Study design involving dsRNA challenges to mice with and without established asthma. Mice received up to four challenges with dsRNA, 100 μg intranasally every 24 h, and were killed 24, 72 and 96 h after first dsRNA administration (A). The study design shown in (B) was chosen for the exacerbation model. Mice were sensitized with OVA–alum at day 0, followed by four consecutive days of aerosol challenge starting day 14. Following the sensitization and allergen challenges, the mice received three dsRNA challenges, days 18–20 (B). Animals were killed 24 h after the final dsRNA administration. i.p. = intraperitoneal; i.n. = intranasal.

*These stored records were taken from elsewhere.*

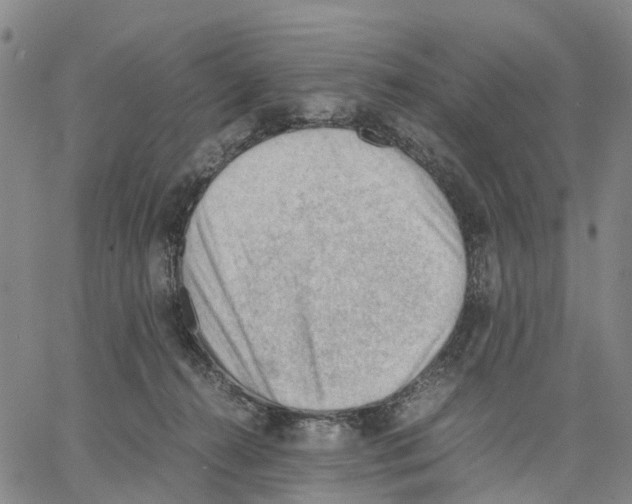 X0000062870272200602101659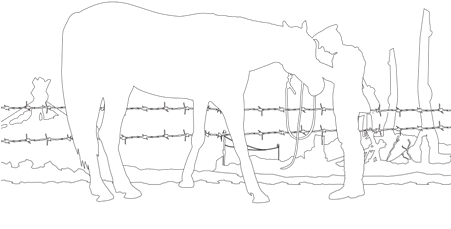 Trojan War Horse Coloring Page - War Horse Colouring Pages - Free Transparent PNG Clipart Images Download. - Horse Transparent PNG Free Download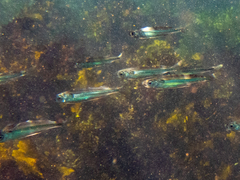 Atherinomorus vaigiensis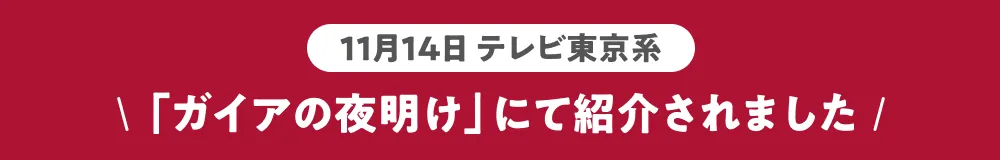 ガイアの夜明けで紹介されました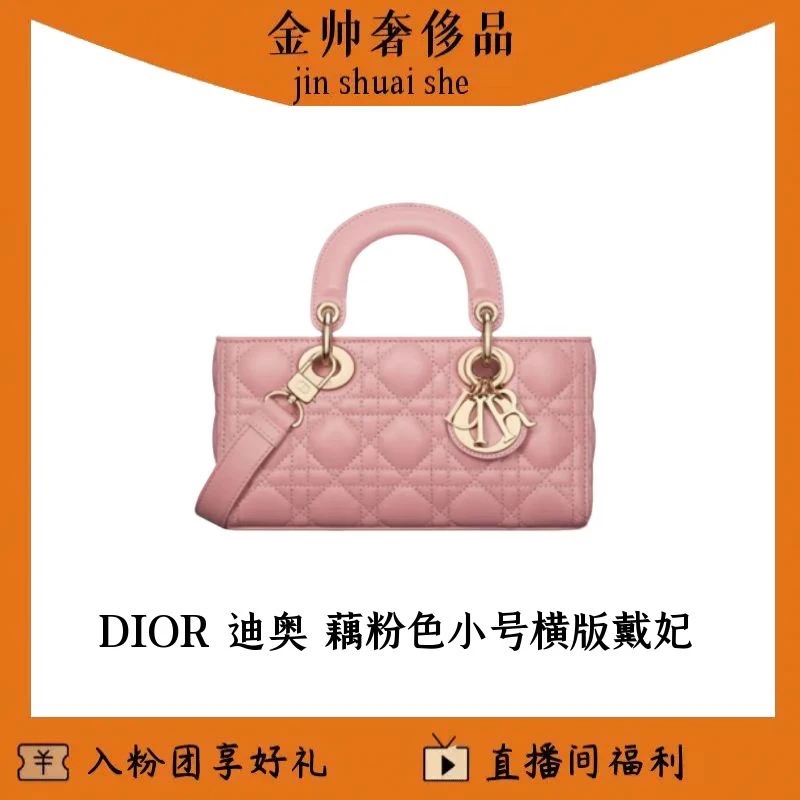 99新 DIOR/迪奥 藕粉色/小号/横版戴妃/单肩包/B5735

Bronchoalveolar lavage, differential cell count and lung dissection

Bronchoalveolar lavage fluid was collected and total cell count was performed, using an automatic cell counter (NucleoCounter, Chemometec Lillerød, Denmark), and the cell suspension was cytospin-centrifuged onto microscope slides, stained and counted as previously described 23. Following BAL, the lungs were dissected and the left lung lobe was fixed in 4% paraformaldehyde, while the right lung was weighed and frozen in −80°C, until used for RT-qPCR analysis.

Analysis of BALF

Total protein concentration was analysed using bicinchoninic acid (BCA) assay (Pierce® BCA Protein Assay Kit detection; Fisher Scientific AB, Gothenburg, Sweden), according to the manufacturer's instructions. Release of cytokines CXCL1/KC and CCL2/MCP-1 in BALF supernatant was detected using enzyme-linked immunosorbent assay (ELISA) kit (R&D Systems, Abingdon, UK), according to the manufacturer's instructions.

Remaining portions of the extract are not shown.